2.23 BROKERS AND FINDERS. Except as set forth in Section 2.23 of the Bay
View Disclosure Schedule, neither Bay View nor any Bay View Subsidiary nor any
of their respective officers, directors or employees has employed any broker or
finder or incurred any liability for any financial advisory fees, brokerage
fees, commissions or finders' fees, and no broker or finder has acted directly
or indirectly for Bay View or any Bay View Subsidiary, in connection with this
Agreement or the transactions contemplated hereby.
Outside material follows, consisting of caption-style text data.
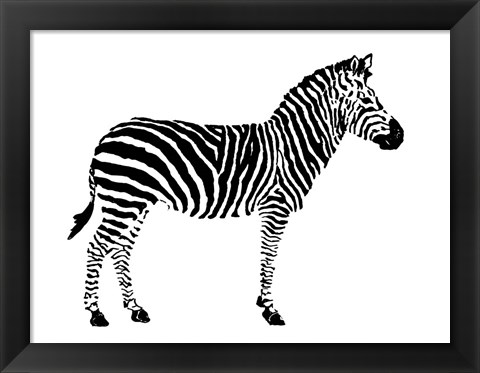 Framed Zebra Print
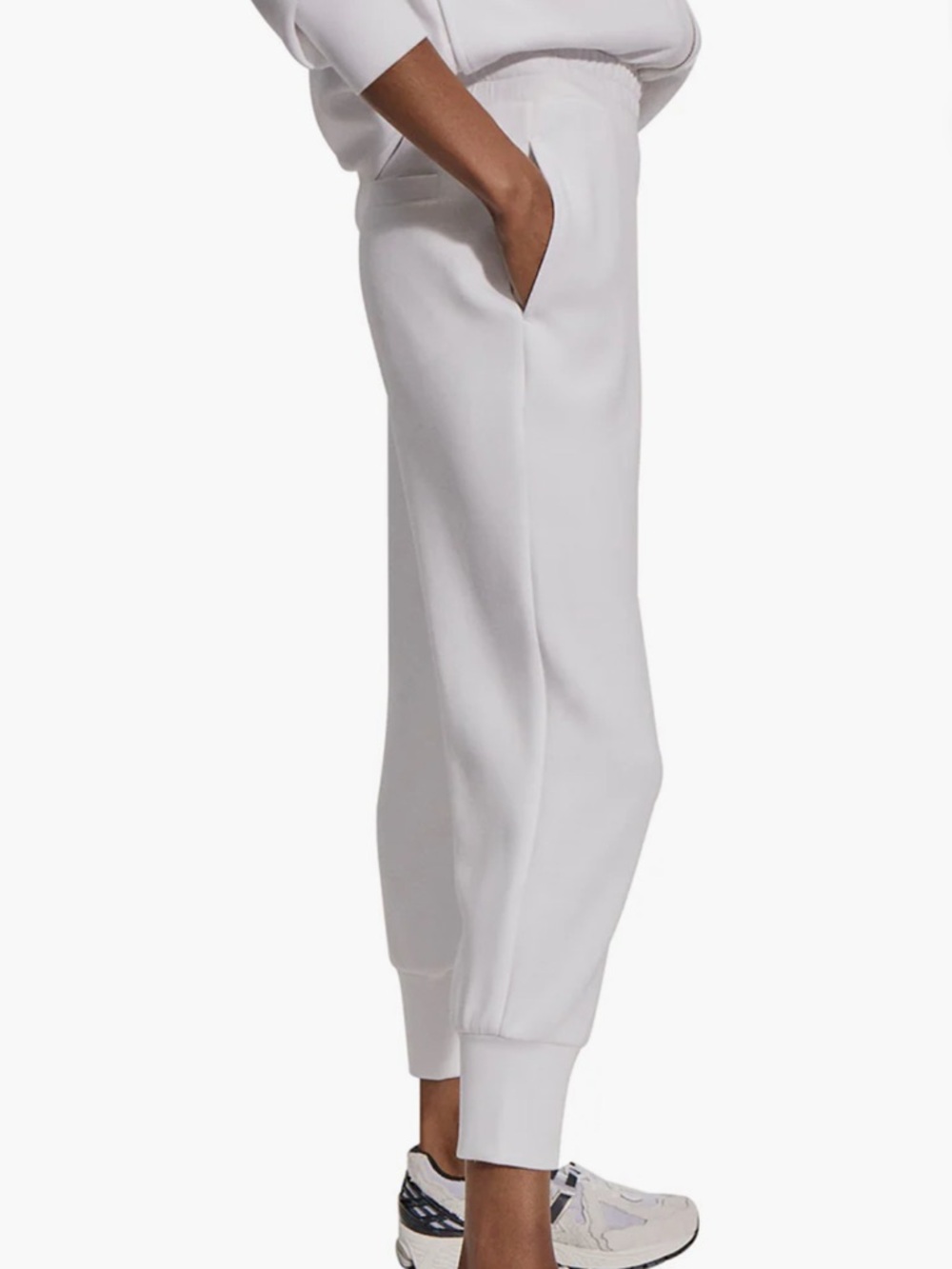 🐼🐓🐑🍦Varley’s Women's White Jogger Pants - - Picture 5 of 17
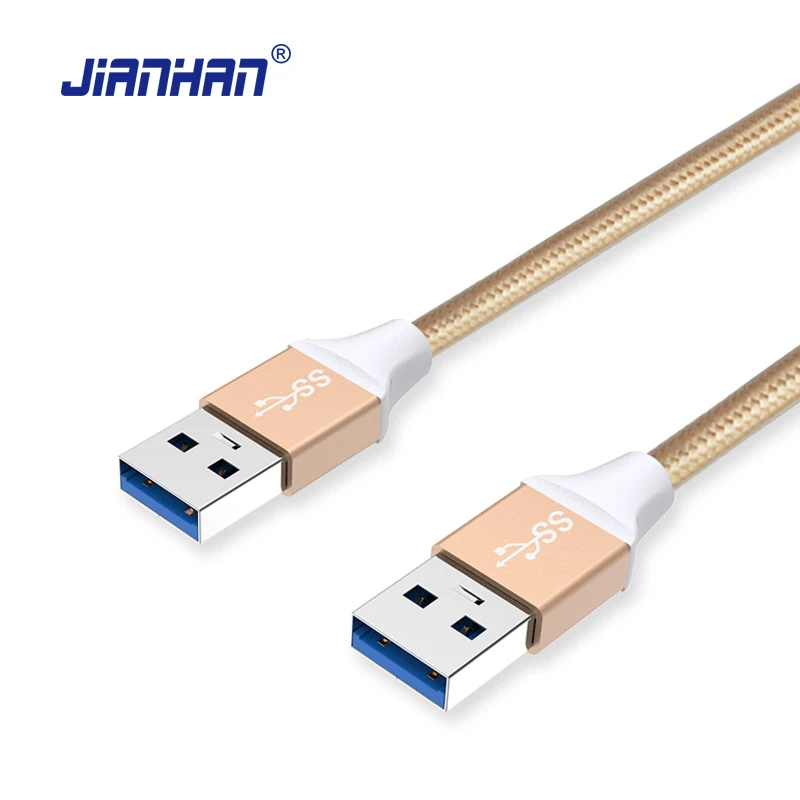 Фото Удлинительный кабель JianHan USB 3 0 1 м тип Папа папа нейлоновые плетеные кабели для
2.24 ACCURACY OF INFORMATION. The statements of Bay View contained in this
Agreement, the Bay View Disclosure Schedule and in any other written document
executed and delivered by or on behalf of Bay View pursuant to the terms of this
Agreement are true and correct in all material respects.
2.25 GOVERNMENTAL APPROVALS AND OTHER CONDITIONS. To the best knowledge of
Bay View, there is no reason relating specifically to Bay View or any Bay View
Subsidiary why (i) the approvals that are required to be obtained from
regulatory authorities having approval authority in connection with the
transactions contemplated hereby should not be granted, (ii) such regulatory
approvals should be subject to a condition which would differ from conditions
customarily imposed by such regulatory authorities in orders approving
acquisitions of the type contemplated hereby or (iii) any of the conditions
precedent as specified in Article VI hereof to the obligations of any of the
parties hereto to consummate the transactions contemplated hereby are unlikely
to be fulfilled within the applicable time period or periods required for
satisfaction of such condition or conditions.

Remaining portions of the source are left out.